= YOUR INSTRUCTIONS =
Among the entries below, the lines from the one with "QS meet - April 2026" up to and including the one with "Fusible de Cuchilla" are to be restated exactly, without pictures.
____ TASK INPUTS
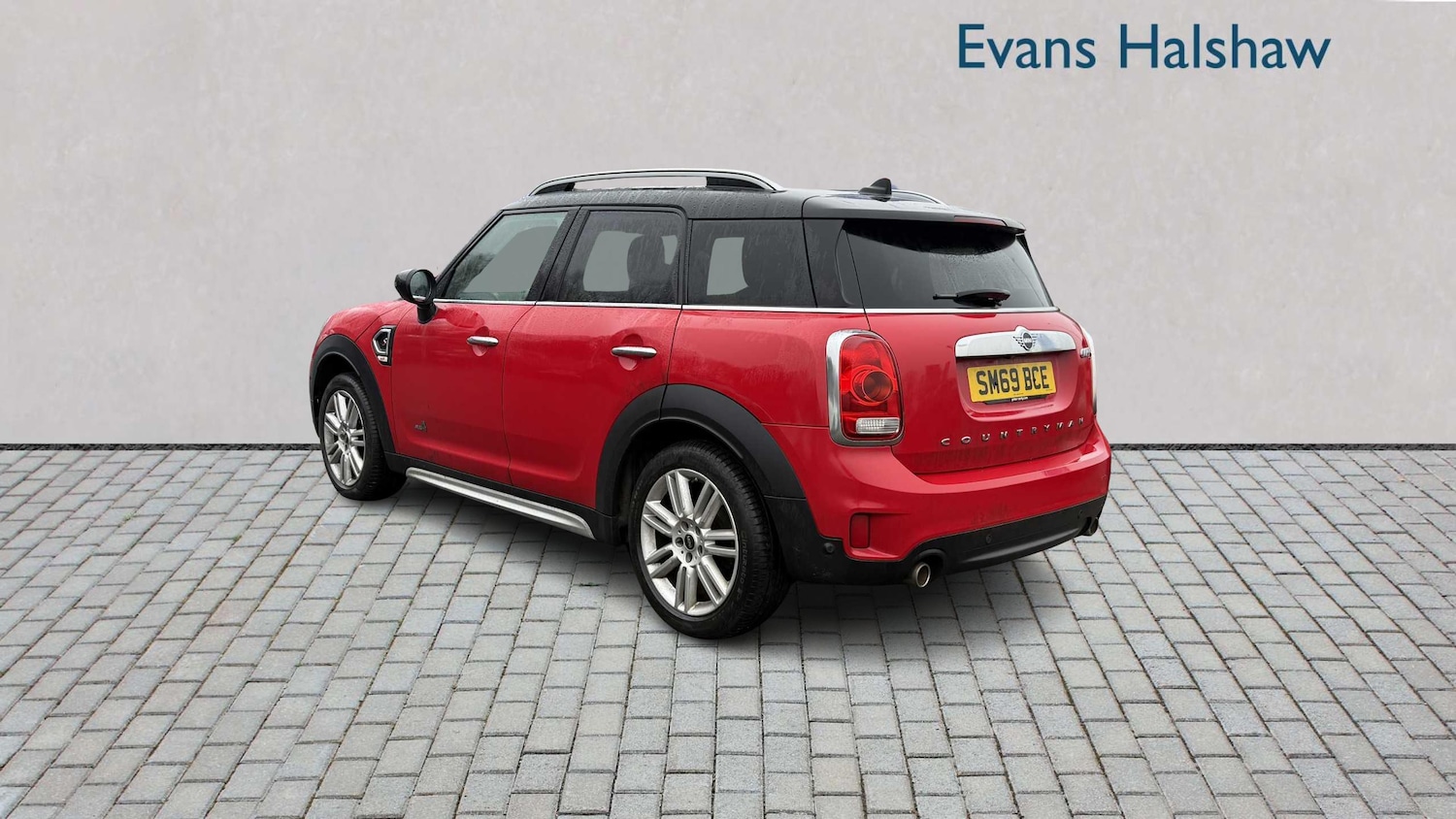 Used MINI Countryman for sale - 77257152: Photo 5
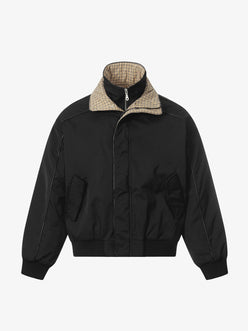 JACKET "LAYERED"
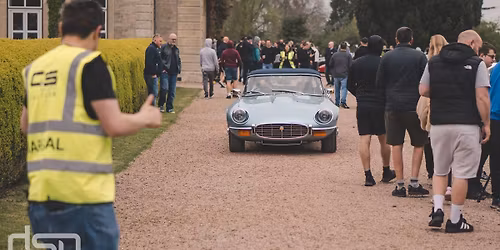 QS meet - April 2026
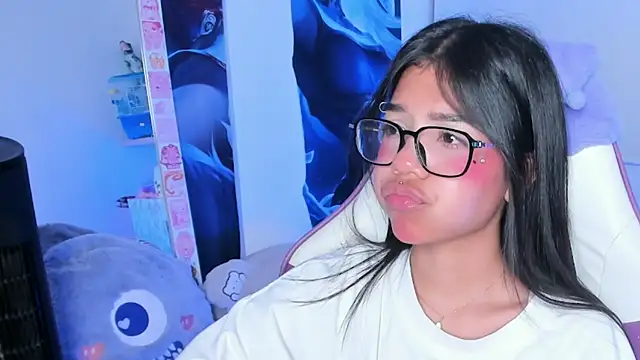 cutestephuwu online show from 03-18-25, 02:29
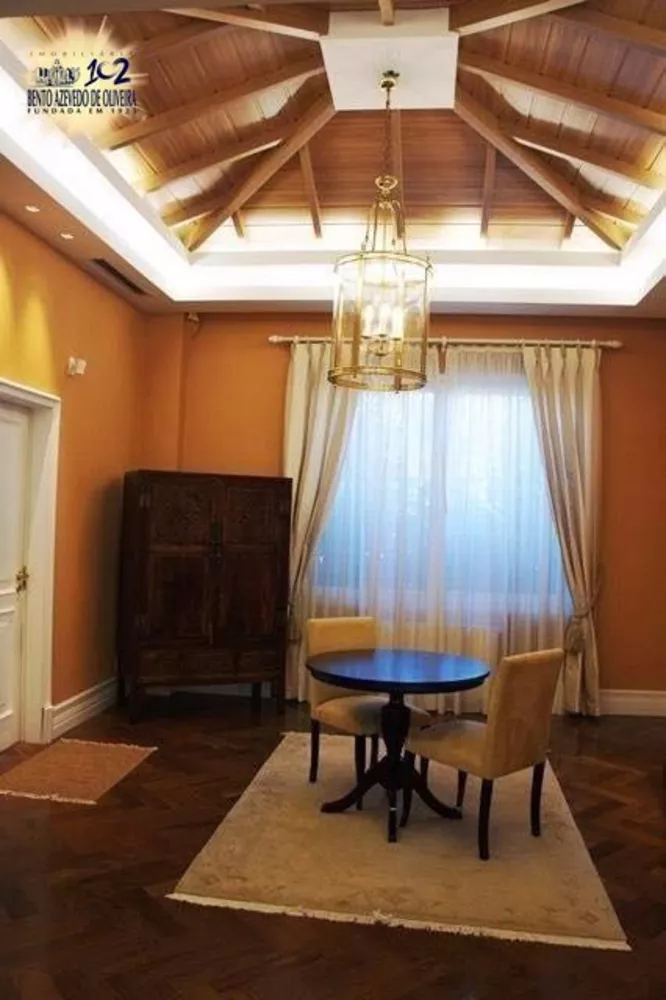 Casa de Condomínio, 5 quartos - Foto 5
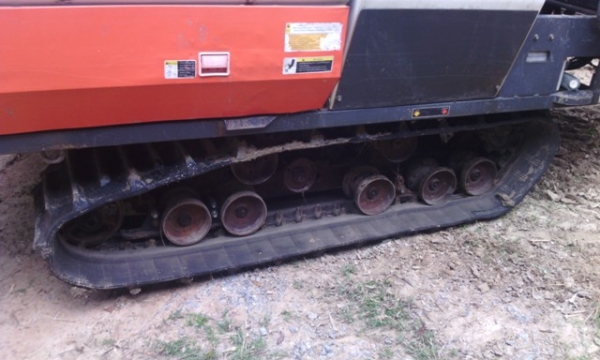 ขายรถเกี่ยวข้าวคูโบต้า DC68G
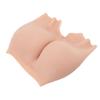 Women Silicone Butt Hip Shapewear Lifting Panties Open Crotch Breathable Body Shaper Enhancer for Crossdresser M2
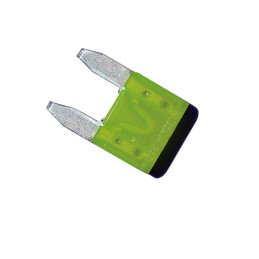 Fusible de Cuchilla 20A Softail Dyna Touring XL V-Rod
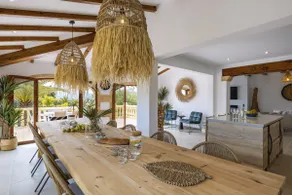 Casa Cora - Ruhe und Luxus verbinden sich - Image 2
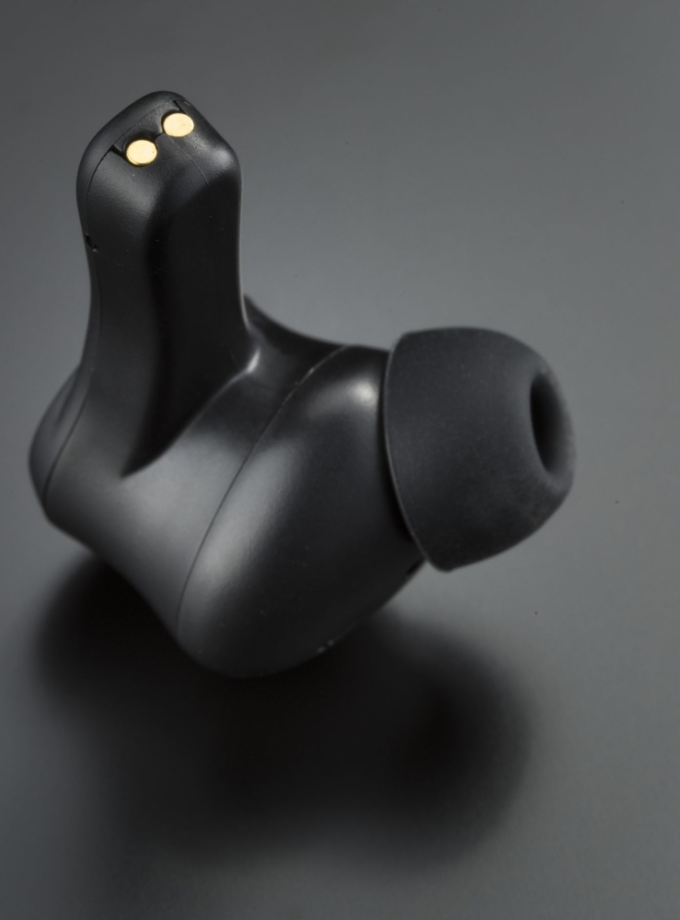 BEŽIČNE SLUŠALICE COLORISSIMO TWS ACTIVE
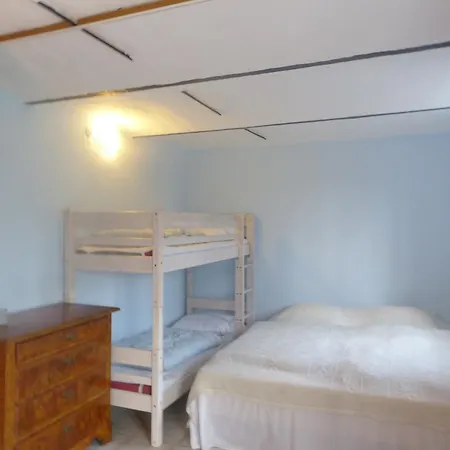 Kristiansminde Farm * Tistrup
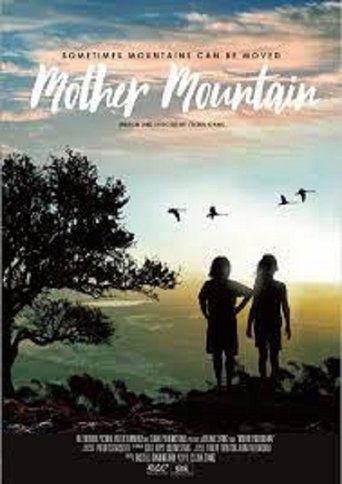 Mother Mountain film afişi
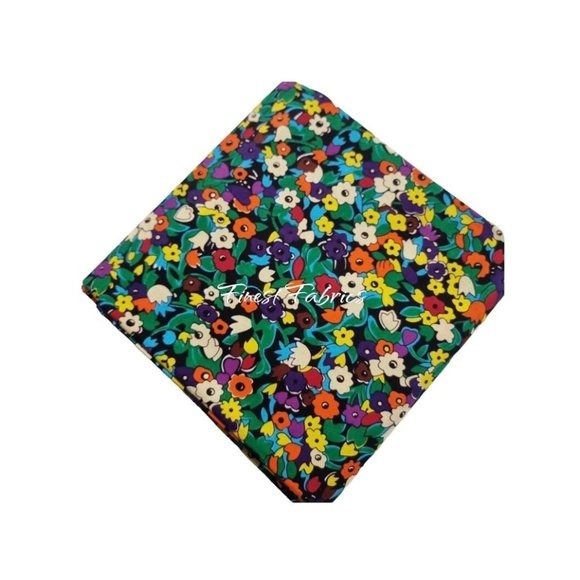 Ankara Fabric African PrintFabric Ankara Fabric 6 yards 100% Cotton Fabric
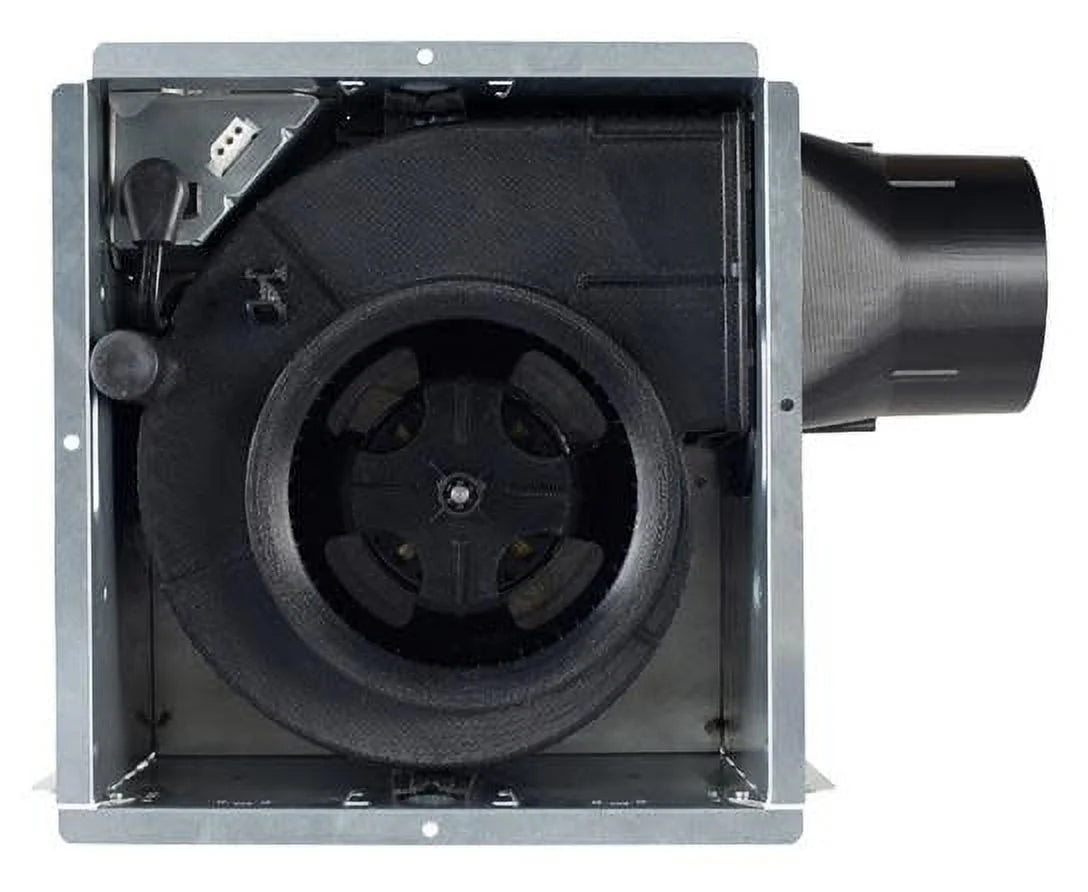 110 CFM Bath Exhaust Fan with Light D652687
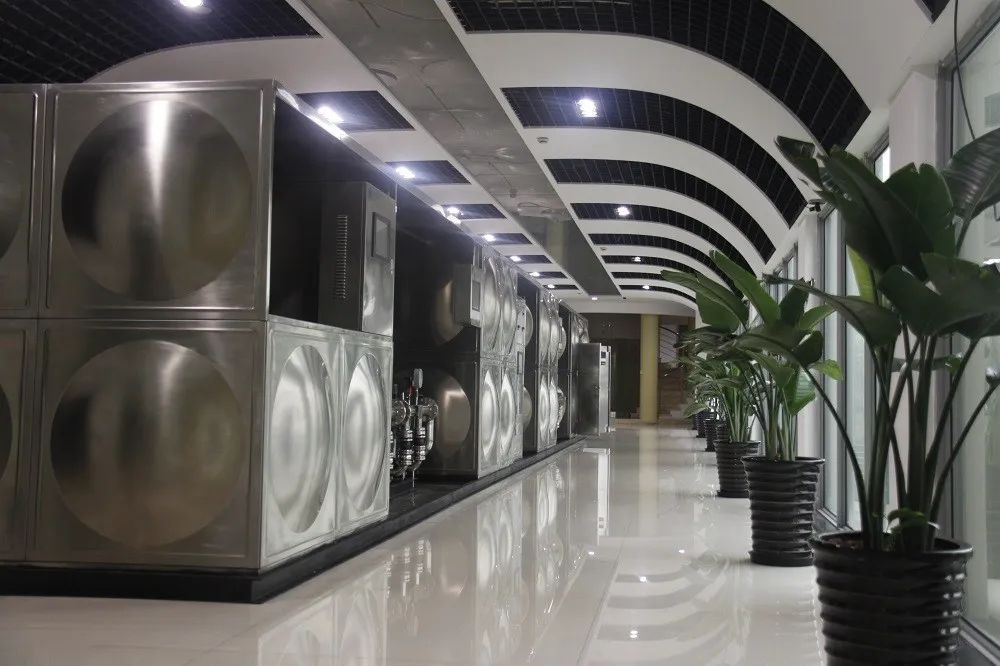 青浦的这家企业获“上海市政府质量金奖”啦~探索“熊猫机械”的质量秘诀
________
= ANSWER FOR THIS EXERCISE =
 QS meet - April 2026
 cutestephuwu online show from 03-18-25, 02:29
 Casa de Condomínio, 5 quartos - Foto 5
 ขายรถเกี่ยวข้าวคูโบต้า DC68G
 Women Silicone Butt Hip Shapewear Lifting Panties Open Crotch Breathable Body Shaper Enhancer for Crossdresser M2
 Fusible de Cuchilla 20A Softail Dyna Touring XL V-Rod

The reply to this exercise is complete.